Somehow, ABC has taken the television journalistic high ground from CBS. Netsurfer Digest reports on the flap over Ted Koppel's "The Fallen:"

If you're a patriotic American, so the reasoning goes, you practice ignorance of the soldiers killed in Iraq. Your government doesn't willingly release photos of returning dead and you don't publicize the names of the fallen. Well, ABC broadcaster Ted Koppel doesn't buy that. On the night of Apr. 30, he read the names and showed photographs of the more than 500 US servicemen killed in combat and 200 dead in accidents in Iraq since the start of the invasion of Iraq. Koppel has received much criticism ever since he announced his controversial plans. Koppel's critics accuse him of making a political statement or of a crass grab for ratings, which he vehemently denies. ABC says it's all about showing respect. Still, Sinclair Broadcasting refused to run the program on its eight ABC stations, although ABC managed to find ways around that boycott in most cases. In an interview at Poynter Online, Koppel explains why he decided to do this and why he's upset that after more than 24 years on the air, people could think he'd stoop to chasing ratings. ABC offers Koppel's list of names online with brief details but no pictures.

I respect the ladies and gentlemen who have lost their lives in what is a very bad business for us.
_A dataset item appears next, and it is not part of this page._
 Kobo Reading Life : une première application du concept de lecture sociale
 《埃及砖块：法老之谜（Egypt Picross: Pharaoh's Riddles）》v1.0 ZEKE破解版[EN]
They were doing their job; they were doing their duty.

The fact that there is alarm about losing 500 people, that there is alarm in the White House that citizens will be alarmed about losing 500 boys and girls—when I think of the thousands that we lost in Vietnam, well, I just become illiterate. I don't know what to say.

posted: 8:25:30 PM  

We did our over-the-hump performance weekend.

Today's show was sign-language interpreted (RCP uses some grant money to fund interpretation for one performance of each run). The man of the pair of signers did an excellent job of using his body to help you keep track of who was speaking: he would slouch against the proscenium for the stoner Shadow, and cross his legs at the knee for the somewhat queenly Jonas Slonaker. I watched him interpret Doc's last monologue, about the lights sparkling over Laramie, "It's the blue lights that's bouncing off the clouds from the airport and it goes tst tst tst tst... right over the whole city." The signer would make a little starburst with his hands for each "tst," and I started to tear up, watching this. I've never wept over that monologue before, and I think what it is, what makes me teary, is the re-collection, the re-cognition of a feeling through a different prism. A sad sight doesn't make me cry, but a description of the sight, when I already know all the words of the description, just might.

Leta saw the show last night, or saw most of it. She's fighting a cold, and hopped up on Benadryl, she dozed off during my Harry Woods monologue. I was disappointed because I am acquiring some pride in my work on that bit, and last night was really her only opportunity to see it in full performance.

So I came out into the lobby this afternoon, and there she was. At 2:20 this afternoon, she turned over the rehearsal she was directing (H.M.S. Pinafore for Victorian Lyric Opera Company) to her music director and choreographer and drove like a banshee to Reston to see the second and third acts of the show.

She earned some major girlfriend points today.

posted: 6:50:11 PM  

Laura Miller on bailing out on a book that you've lost interest in:

Some might see this as evidence of a culturewide case of literary attention-deficit disorder, but it's hard to justify time wasted in the reading of unloved books.